A 400-mile blanket of “mysterious” fog containing (nuclear) radiation stretched over California in late 2025.

Rating:

Context

While California’s Central Valley was experiencing a persistent form of “radiation fog” in late 2025, the fog wasn’t radioactive. In fact, radiation fog is the most common type of fog in most of the United States.

Beginning in November 2025, a blanket of persistent clouds lingered over California’s massive Central Valley for multiple weeks, bringing colder than usual temperatures and periods of intense fog to much of the state.
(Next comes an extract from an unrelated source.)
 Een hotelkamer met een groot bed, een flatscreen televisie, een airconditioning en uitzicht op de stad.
The foggy weather began drawing more attention on social media as it dragged on into December, including from those confused by it and from people believing the fog to be more sinister than a typical weather pattern.
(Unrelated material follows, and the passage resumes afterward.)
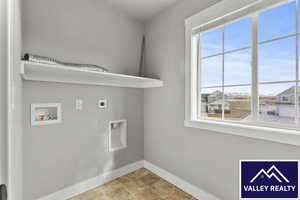 Laundry area with hookup for a washing machine, electric dryer hookup, and stone finish floors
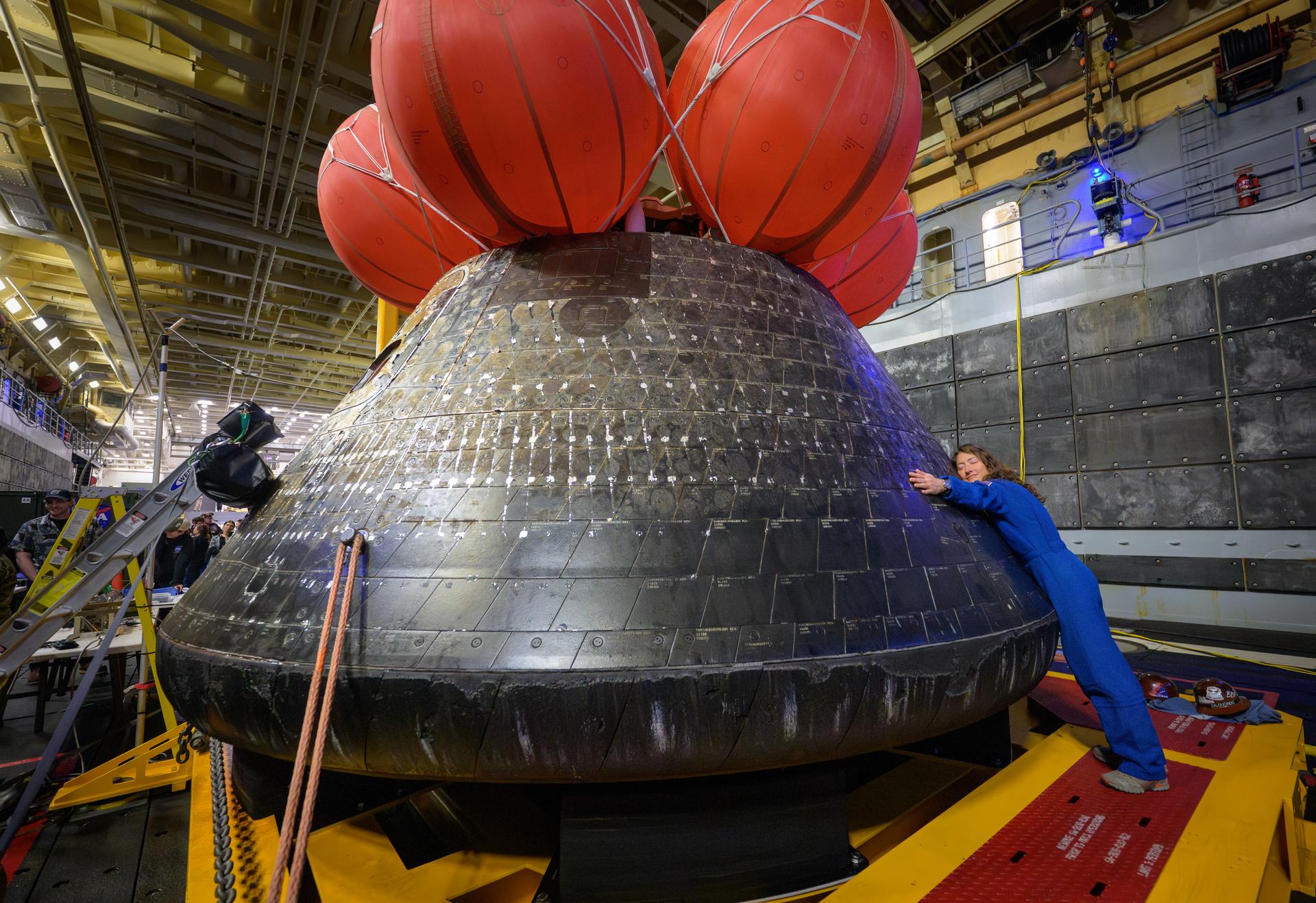 NASA astronaut Christina Koch, Artemis II mission specialist hugs the Orion spacecraft in the well deck of USS John P. Murtha, Saturday, April 11, 2026, in the Pacific Ocean off the coast of California. Koch, NASA astronaut Reid Wiseman, Artemis II commander, NASA astronaut Victor Glover, Artemis II pilot, and CSA (Canadian Space Agency) astronaut Jeremy Hansen, mission specialist; splashed down in the Pacific Ocean, Friday, April 10 at 5:07 p.m. PDT (8:07p.m. EDT). Photo Credit: (NASA/Bill Ingalls)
Posts on X (archived), TikTok (archived) and Instagram (archived) questioned the “mysterious” fog. Because the fog had been referred to as “radiation fog,” some of the confused people on social media, such as the person in the TikTok post, have wondered if that means the fog was radioactive or had nuclear radiation in it.

While the fog discussed in the posts itself was real and was a type of radiation fog, there was no nuclear radiation in the fog and it could hardly be called “mysterious.”

“Radiation” in this case refers to a process called “thermal radiation,” which is when something emits heat from itself. A common example of thermal radiation is when a person stands near a fire on a cold night and feels the heat radiating from the fire.

In the case of the fog, the sun emits — radiates — its heat to Earth, while the Earth radiates its own heat out and away from its surface. At night, when the Earth continues to radiate heat away from it and the sun isn’t shining down to warm it, the Earth’s surface cools. If there are no clouds to trap the heat the Earth is emitting, surface temperatures may drop quickly overnight, The Weather Channel says. The National Weather Service (NWS) calls this overnight process “radiational cooling.”

Fog forms because the air can’t hold any more water than it already has, according to the Alabama Weather Network. Cooler air generally holds less water than warmer air, so radiational cooling can sometimes cause fog to form overnight. Since the fog is formed by radiational cooling, it’s called radiation fog.

Radiation fog is the most common fog in many areas of the U.S., according to the Alabama Weather Network.

The NWS notes that tule fog, a special kind of radiation fog, occurs each winter in the Central Valley of California. The Weather Network, a Canadian weather information service, says tule fog is simply radiation fog with a special name. Either way, it’s radiation fog that settles in the Central Valley during the year’s cooler months.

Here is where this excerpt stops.